尾瀬保護財団は今秋にも福島県、檜枝岐村、ボランティアなどと連携した官民合同の外来植物対策チームを発足させ、駆除活動を始める。尾瀬の入り口に当たる檜枝岐村の352号国道沿いで外来植物が群生している場所を調査し、根を引き抜く除去作業を行う予定だ。

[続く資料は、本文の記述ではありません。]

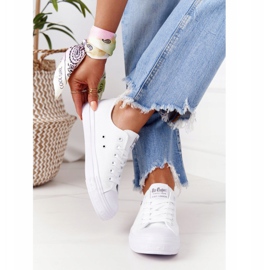 Naisten lenkkarit Lee Cooper LCW-21-31-0082L Valkoinen 1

財団の担当者は「組織単体ではどこも人手が足りない。外来種対策の効果を上げるため、関係者が一体となった取り組みが必要だ」と強調する。
一方、県は今年度、南会津地区でのニホンジカ捕獲目標を従来の年間実績の2倍程度の560頭に設定した。昨年度策定した管理計画に基づく野生鳥獣対策で、檜枝岐村や南会津町、地元の猟友会と連携し、本県側で越冬している群れなどを中心に捕まえる。
関係機関が連携して対策を強める背景には、尾瀬国立公園で外来植物や有害鳥獣の脅威が年々、増している実態がある。
檜枝岐村の尾瀬国立公園への入り口に当たる小沢(こぞう)平周辺では今年、環境省指定の特定外来植物・オオハンゴンソウの群生が確認された。繁殖力が強く、公園内に広がれば、貴重な在来種が駆逐されかねない。大勢の登山客が出入りすると種が湿原に運ばれる可能性があり、水際対策が急がれている。
ニホンジカによる食害も後を絶たない。本県側の大江湿原では尾瀬が単独国立公園となった2007(平成19)年度以降、名物のニッコウキスゲの花芽が食い荒らされる被害が相次いでいる。林野庁は2014年度から、大江湿原を囲う防護柵を設置し、シカの侵入を防いでいる。近年は352号国道から尾瀬ケ原につながる燧裏林道にもシカが現れるようになった。林道沿いにはコバギボウシなどが咲く姫田代や上田代など貴重な湿原があり、被害の拡大が懸念されている。
檜枝岐村の関係者は「尾瀬の本県側にいなかったイノシシが昨年、村内の沼山峠周辺で確認された。鳥獣被害対策の強化は待ったなしだ」と語気を強める。